10 Comments on Article

  1. Malcolm Bell commented on

    Chuck,

    I always enjoy your blogs.
    I had never heard of John Duffy or The Seldom Scene band.
    I wish I could get my mandolin or voice to sound like John Duffy.

    Thank you for the introduction to their music.
    I will seek copies of their LPs and Cds.

    I too, wake in the dark each night. Must be connected to Jung’s idea of Collective Unconscious during this COVID situation.

    Keep the faith,
    Malcolm

    1. Charles Roberts replied on

      Thank you so much for writing Malcolm!
      Be sure to seek old Country Gentlemen material as well! They were roots for the Seldom Scene.
      Best
      Chuck

  2. Rick Banning commented on

    Hi Chuck, yes it’s hard to be politically correct as what’s correct keeps changing. The Seldom Scene were great. Too bad I wasn’t a bluegrass fan when I was younger. More jazz and rock. Danny Gatton, for instance. Bill Evans. Dave Brubeck. So I missed hearing my Western HS/DC classmate, Tom Grey, play stand up bass with the Country Gentlemen and later the Seldom Scene in nightclubs in Georgetown. Too bad my time machine isn’t working just now. Rick

    1. Charles Roberts replied on

      Don’t forget Roy Buchanan!
      Some great times back then.
      Thanks for writing and reminding me about Gatton (and Buchanan).
      I never got in to Root Boy Slim however…LOL
      Chuck

  3. DAVID Holloway commented on

    Another great entry Chuck, my wife Sarah wanted me to tell you that the Seldom Scene song you posted is one of her favorites. I do hope we aren’t all going the way of the Dodo, it’s hard not to catastrophize- when we’re living through the days of COVID.

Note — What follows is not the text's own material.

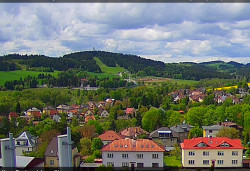 Panorama severozápad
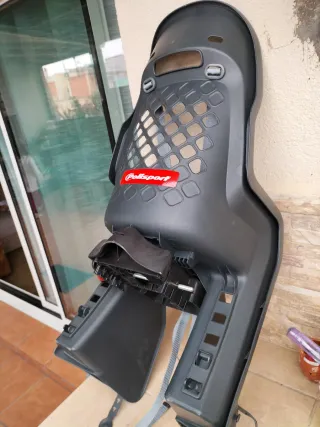 Silla portabebés bici Polisport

    1. Charles Roberts replied on

      Great to hear from you!
      The Dodo thing was two fold.
      1. A modern evocation of the term. Unwilling to change…
      2. The historical revisionism of faulting people who did what was natural 4oo years – using today’s norms.

      Of course the bird was UNABLE to change and had no place to flee.

      Maybe science can resurrect the Dodo from DNA someday. That would be cool.
      Thanks fror writing David!
      Chuck

      1. Thomas Wixon replied on

        Thanks for sharing. I really appreciate your contact after writing to you. Maybe you could add some clips of Patsy Cline for us sometime? What a voice.
        Keep up the vocation you have been called to. (My English teacher would cringe at my ending that last sentence with to) 🙂

        1. Charles Roberts replied on

          That is so kind.
          The bookplates will go off tomorrow.
          I’ll save some older ones and send on spec when there are enough.
          Please tell others about the stories – bookish people.
          One of her ear homes is just round the corner. I’ll do something…
          Thanks so much!
          Chuck

    1. Charles Roberts replied on

      That is so cool Norv!
      Thank you for taking the time to send it!